The Chicken Song was originally called The Holiday Song. The genius is in the lyrics. If Rob Grant and Doug Naylor really did write it in four minutes, then hats off. I don’t think the music took very long. It just had to be annoying. It’s pretty repetitive so I put in lots of key changes, which made it more complicated to record than it sounds.
Dave Lee Travis refused to play it on Radio 1 because it was keeping Sledgehammer by Peter Gabriel and Addicted to Love by Robert Palmer off No 1. John Deacon from Queen said to me: “Don’t knock having a No 1.” I doubt I’ll have another one.

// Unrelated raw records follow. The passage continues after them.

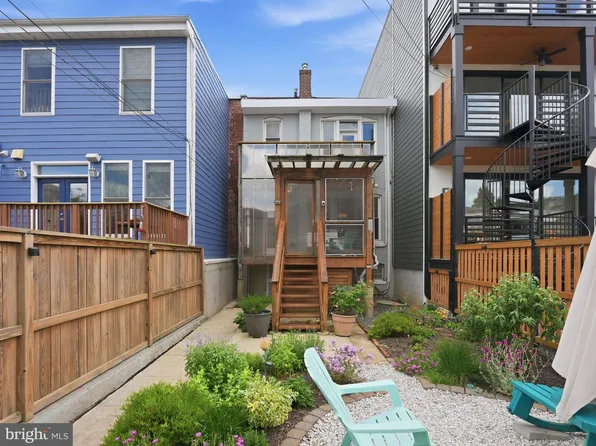 1363 Perry Pl NW, Washington, DC 20010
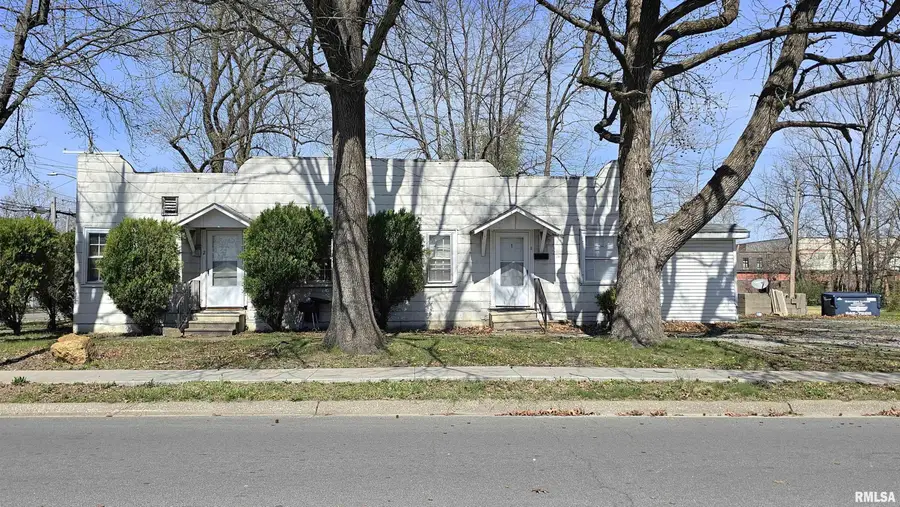 500 N Main Street, Benton, IL 62812 - #2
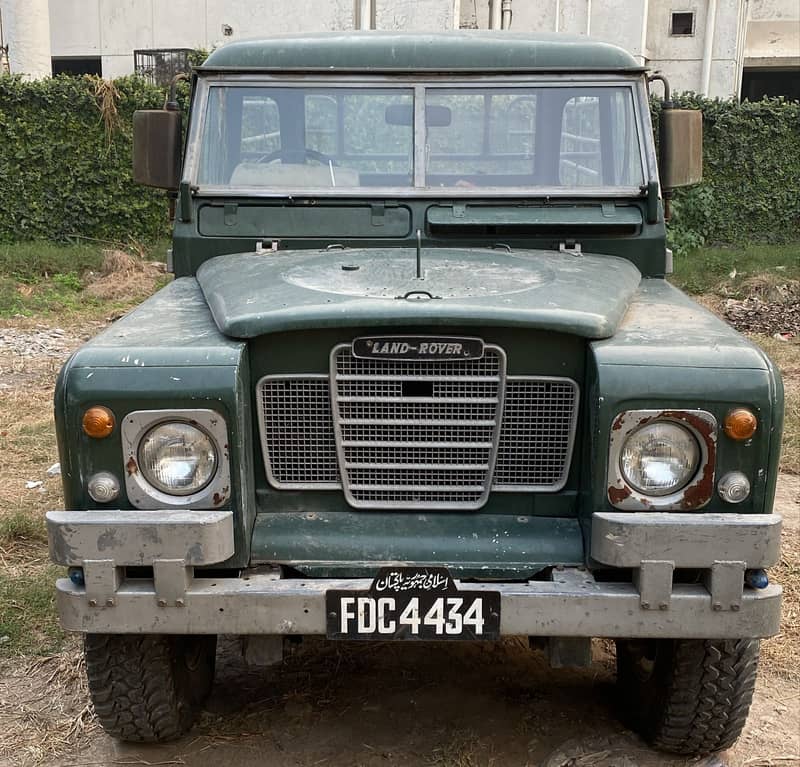 Land Rover Defender 1975 0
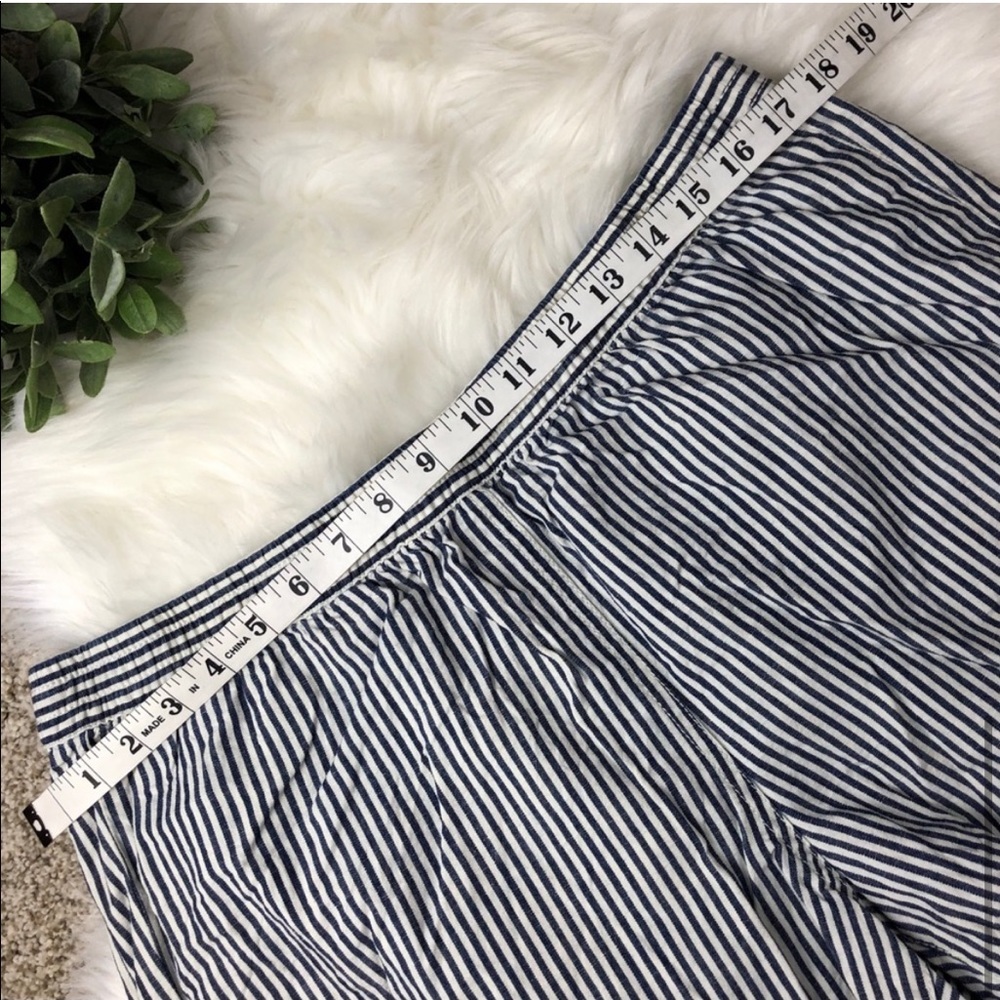 MADEWELL PULL-ON SIDE-TIE SHORTS - CHAMBRAY BLUE WHITE STRIPE - Picture 7 of 8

I’ll probably have “Known for The Chicken Song” carved on my gravestone.
Doug Naylor, co-writer, lyrics
Rob Grant and I had been brought in as head writers and script editors for the second series of Spitting Image. The press had battered the first series, so we were given carte blanche to change the format. We dropped lots and tried to make it more topical.
Rob and I had written a few songs with Phil Pope. I said: “Let’s do a piss-take of Agadoo by Black Lace, one of those mindless summer hits.” We were big fans of Steve Martin so there’s a lot of influence from A Wild and Crazy Guy, the album he put out in the late 70s.
Rob said: “Hold a chicken in the air?” and I went: “Stick a deckchair up your nose?” We wrote alternate lines and finished it in four minutes. Ian Hislop and his writing partner Nick Newman would come in on Fridays to write topical stuff for that weekend’s show. We went: “We’ve just written a No 1 hit.” They said: “Oh yeah?” We said: “All Phil Pope has to do is write a really annoying piece of music and it’s guaranteed.” When the music came through a couple of weeks later, I was really disappointed. I said to Rob: “I don’t think Phil has made it annoying enough.” But by the time I was driving home, I couldn’t get the bloody music out of my head.
It got to No 1 and stayed there for three weeks. The puppets performed on Top of the Pops. Rob and I went along as producers, which was a huge thrill. I’m sure the proper musos were pretty pissed off. Billy Ocean complained that the puppets were putting him off by dancing along to his song.
Of course, people say it was throwaway but really The Chicken Song was a post-postmodern parody celebrating the media manipulation of a largely unsuspecting public in contrast to the bitter postmodern cynicism of the Thatcher years. You’d be surprised how many people miss that.